Burning natural gas results in fewer greenhouse gas emissions than burning coal or other kinds of fossil fuels for the same amount of energy, according to the U.S. Energy Information Administration, but it still releases greenhouse gas emissions. Burning natural gas produces about 117 pounds of carbon dioxide per million British thermal units (a measure of heat). That’s compared with 200 pounds for coal and 160 pounds for fuel oil.

Equally critically, the production of natural gas results in leaks of methane all throughout the production process and methane is a greenhouse gas, too. It’s a different greenhouse gas than carbon dioxide, but still contributes to global warming.

Oil companies stand firm and deny allegations

The oil companies targeted in this investigation categorically deny the allegations made by the House Committee.

“The Committee’s fourteen month investigation, which included several hours of executive testimony and nearly a half-million pages of documents, failed on all fronts to uncover evidence of a climate disinformation campaign,” Curtis Smith, the media lead for Shell North America, told CNBC. “In fact, the handful of subpoenaed documents the Committee chose to highlight from Shell are evidence of the company’s extensive efforts to set aggressive targets, transform its portfolio and meaningfully participate in the ongoing energy transition.”

Exxon claims the House Committee lawmakers have been disingenuous in their representation of the oil company’s engagement.

“Our CEO has testified under oath on this subject during two all-day Congressional hearings before two separate committees, we’ve been in regular communication with the committee for over a year, and have provided staff with more than one million pages of documents, including board materials and internal communications,” Todd Spitler, corporate media relations senior advisor for Exxon, told CNBC.

“The House Oversight Committee report has sought to misrepresent ExxonMobil’s position on climate science, and its support for effective policy solutions, by recasting well intended, internal policy debates as an attempted company disinformation campaign. If specific members of the committee are so certain they’re right, why did they have to take so many things out of context to prove their point?”

The industry trade group, the American Petroleum Institute, says it is focused on both providing secure sources of energy and addressing climate change at the same time.

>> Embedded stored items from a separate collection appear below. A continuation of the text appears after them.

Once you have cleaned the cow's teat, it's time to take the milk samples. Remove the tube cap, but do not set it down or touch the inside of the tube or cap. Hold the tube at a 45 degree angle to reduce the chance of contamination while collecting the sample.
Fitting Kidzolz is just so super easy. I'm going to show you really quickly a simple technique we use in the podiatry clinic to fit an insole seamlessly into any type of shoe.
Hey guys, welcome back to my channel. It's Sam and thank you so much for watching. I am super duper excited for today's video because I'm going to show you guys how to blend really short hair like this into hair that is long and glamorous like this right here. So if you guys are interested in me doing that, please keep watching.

“Our industry is focused on continuing to produce affordable, reliable energy while tackling the climate challenge, and any allegations to the contrary are false.  The U.S. natural gas and oil industry has contributed to the significant progress the U.S. has made in reducing America’s CO2 emissions to near generational lows with the increased use of natural gas,” Megan Bloomgren, senior vice president of the American Petroleum Institute, told CNBC.

The API also pointed to the industry’s focus on developing carbon capture, utilization and storage (CCUS) and hydrogen technologies.

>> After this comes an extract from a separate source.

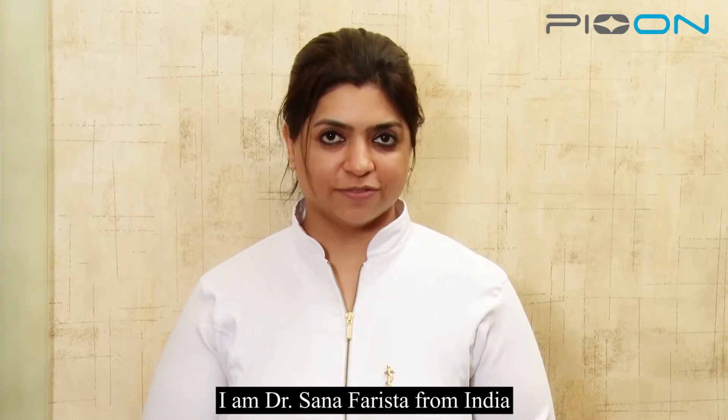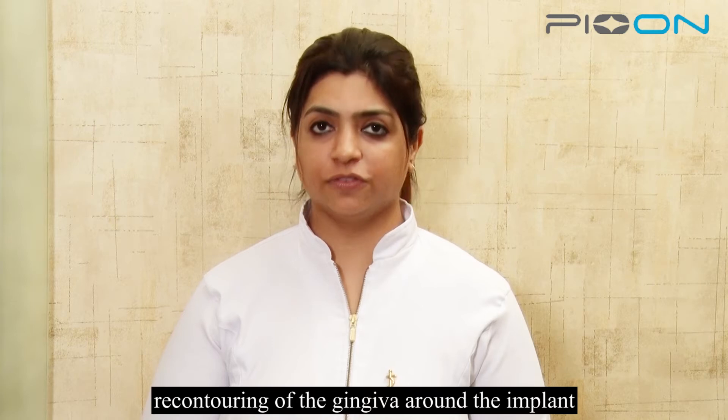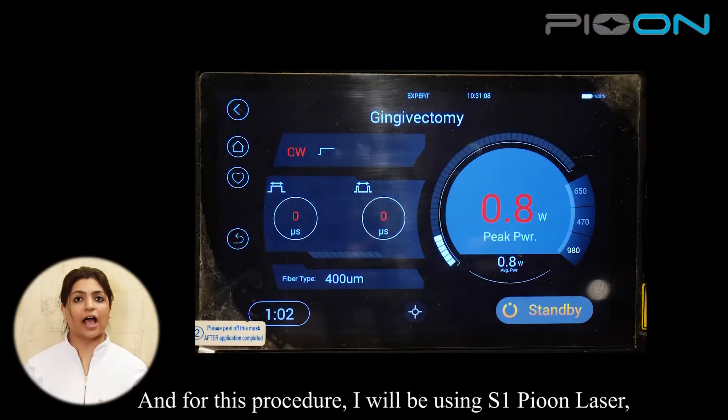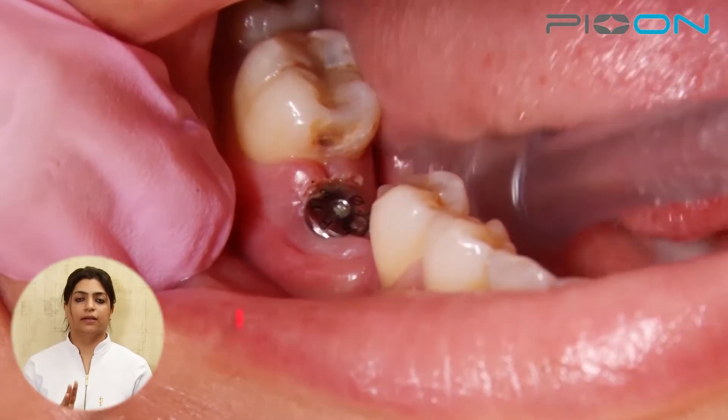Namaste everyone, I'm Dr. Sana Farishta from India. Today we are going to talk about recontouring of the gingiva around the implant. For this procedure I'll be using the S1P on laser at 980nm wavelength, at 0.8 watts continuous mode.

“We are poised to be a leader in the next generation of low carbon technologies, including CCUS and Hydrogen — technologies widely recognized to be critical to meet the world’s emissions reduction targets.  API will continue to work with policymakers on both sides of the aisle for policies that support industry innovation and further the progress we’ve made on emissions reductions,” Bloomgren said.

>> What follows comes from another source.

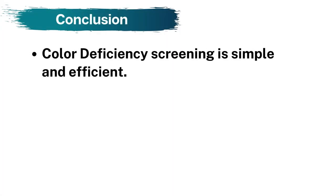Screening for color deficiency is a simple process that can have a large impact on a child's academic and developmental success.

Chevron declined to comment. In June, Chevron CEO Mike Wirth wrote an open letter to President Joe Biden saying that the oil company had produced the highest volume of oil and gas in its 143-year history in 2021. And Wirth pointed out that carbon emissions associated with segments of its oil and gas production was lower than global averages.

“At roughly 15 kg of CO2-equivalent per barrel, Chevron’s Permian Basin carbon intensity is some two-thirds lower than the global industry average. U.S. Gulf of Mexico production has carbon intensity just a fraction of the global industry average,” Wirth wrote. In the letter Wirth also said the oil company was investing $10 billion to reduce greenhouse gas emissions, scale carbon capture and hydrogen technologies, and grow its renewable liquid fuels production. 

BP did not immediately respond to an email seeking comment.